Features

Growing for it
Published 04 February 2018

Gareth Ward picks produce from the garden at Ynyshir

Sourcing produce from local suppliers simply isn’t enough for a growing band of chefs, who are taking ‘locally sourced’ to the extreme by growing their own fruit and vegetables

At a time when food costs are increasing, many restaurants and pubs are going the extra yard when it comes to reducing food miles between plot and plate by supplying their own kitchens.

Whether it’s eating within a garden such as Petersham Nurseries Café, dining in the middle of a farm like Coombeshead Farm in Cornwall or enjoying a meal in the heart of the city with its own rooftop garden such as The Dairy in Clapham, more and more chefs are writing menus around the seasonal produce they pick themselves on the day.

At Ynyshir in Powys, head chef Gareth Ward and his team can walk a few paces from the kitchen to the Victorian walled garden and pick their own tomatoes, beans, artichokes, greens, salad leaves, asparagus, fennel, horseradish and herbs. That’s when they aren’t picking apples, plums, pears, quince, figs and soft summer fruits.

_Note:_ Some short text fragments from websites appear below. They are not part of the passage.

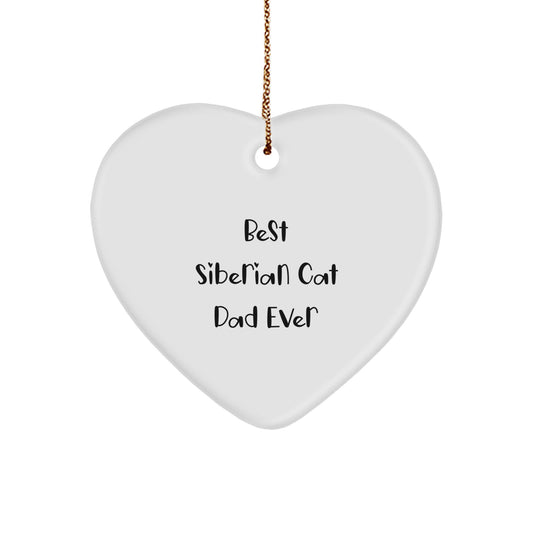 Funny Siberian Cat Dad Gifts from Family, Unique Heart Ornament for Siberian Cat Lover, Best Siberian Cat Dad Ever Christmas Unique Gifts - Image 1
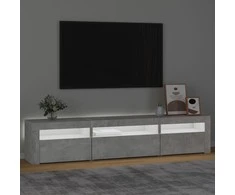 TV staliukas TV spintelė su LED apšvietimu, betono pilka, 195x35x40cm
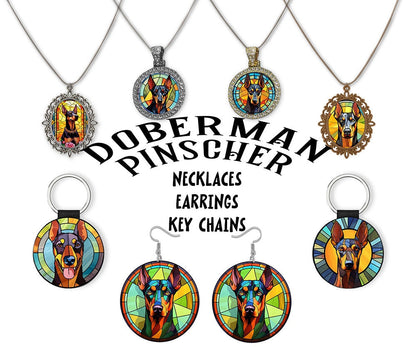 Doberman Pinscher Jewelry - Stained Glass Style Necklaces, Earrings and more!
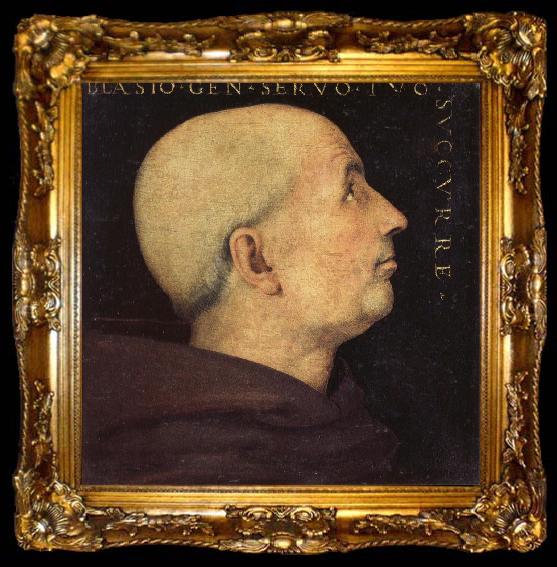 framed  PERUGINO, Pietro Portrait of Dom Biagio Milanesi, ta009-2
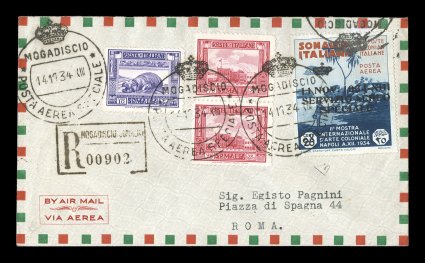 Sassone SA2, 1934 25c Indigo and orange brown air post official, tied to small size registered cover along with three pictorials by MogadiscioPosta Aerea Speciale14.11.34 Crown
postmarks for the special flight from Mogadiscio to Rome, backst
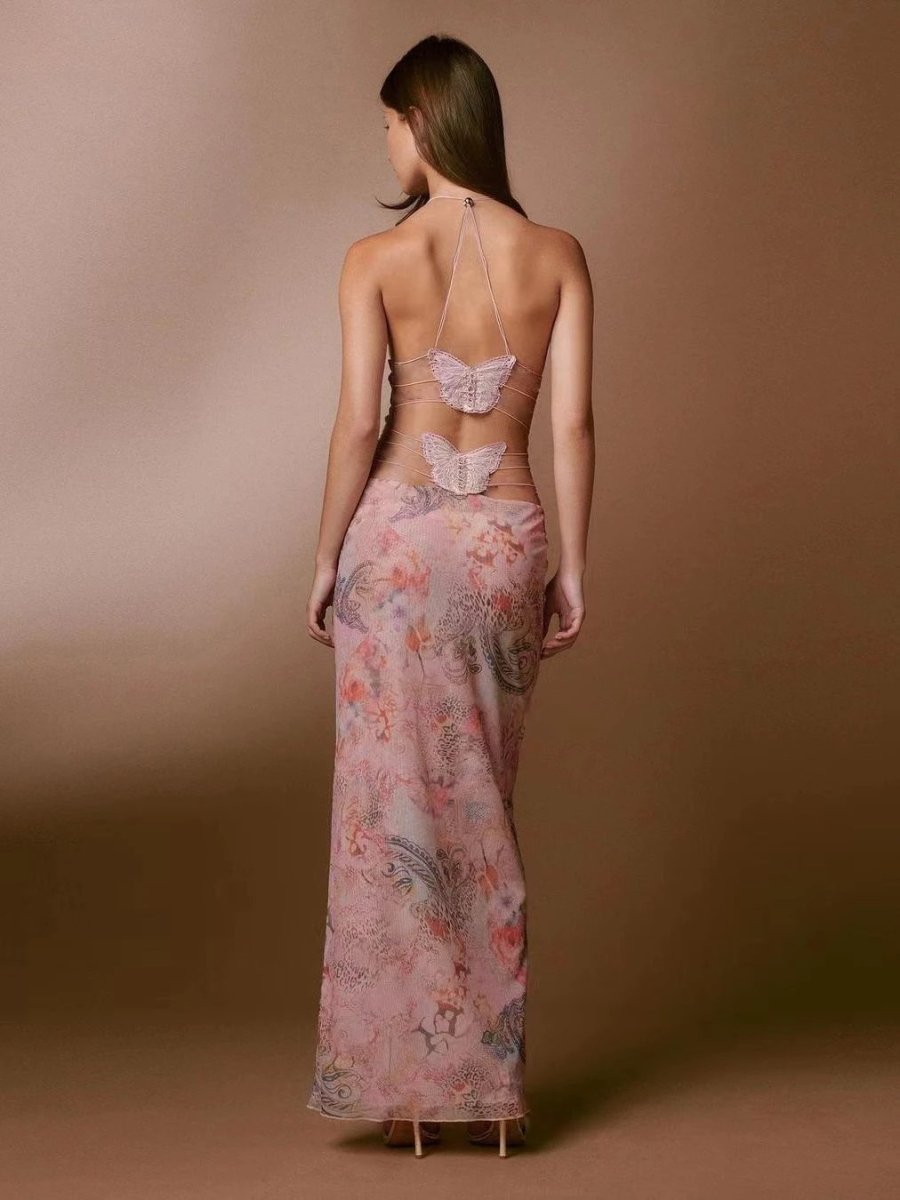 Floral Print Halter Dress - Sexy Butterfly Back Spaghetti Straps - MANDOTOS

In Bristol, Birch restaurant owners Sam Leach and Beccy Massey are producing the majority of their own vegetables and fruit on a smallholding on the outskirts of the city, working there on the days they aren’t open, or visiting it on the way to the restaurant.

Bristol has long enjoyed a reputation as a city that takes sustainability and organics seriously – the Soil Association has been based there for decades – and a number of local restaurants now grow their own, including Wilsons, where chef Jan Ostle’s wife, Mary Wilson, grows a multitude of vegetables, herbs and salad leaves organically and biodynamically in polytunnels on an acre of land a short drive from the restaurant.

‘From a chef’s point of view, it’s an incredible palette to work from,’ says Ostle. ‘Having any produce that is picked that morning and served in its prime is a dream come true for any chef and it continues to excite and challenge us in a kitchen where the menu changes most days.’

More than 50% of the produce on the menu at Wilsons is grown themselves, which Ostle says can also save money for a restaurant at a time when prices are soaring and margins shrinking.

‘Some companies are using the whole Brexit thing as an excuse to make a quick buck. One supplier we were using last year increased some items by over 150% and used Brexit as an excuse.

‘Growing our own produce is a cornerstone of who we are at Wilsons and it continues to drive our business forward.’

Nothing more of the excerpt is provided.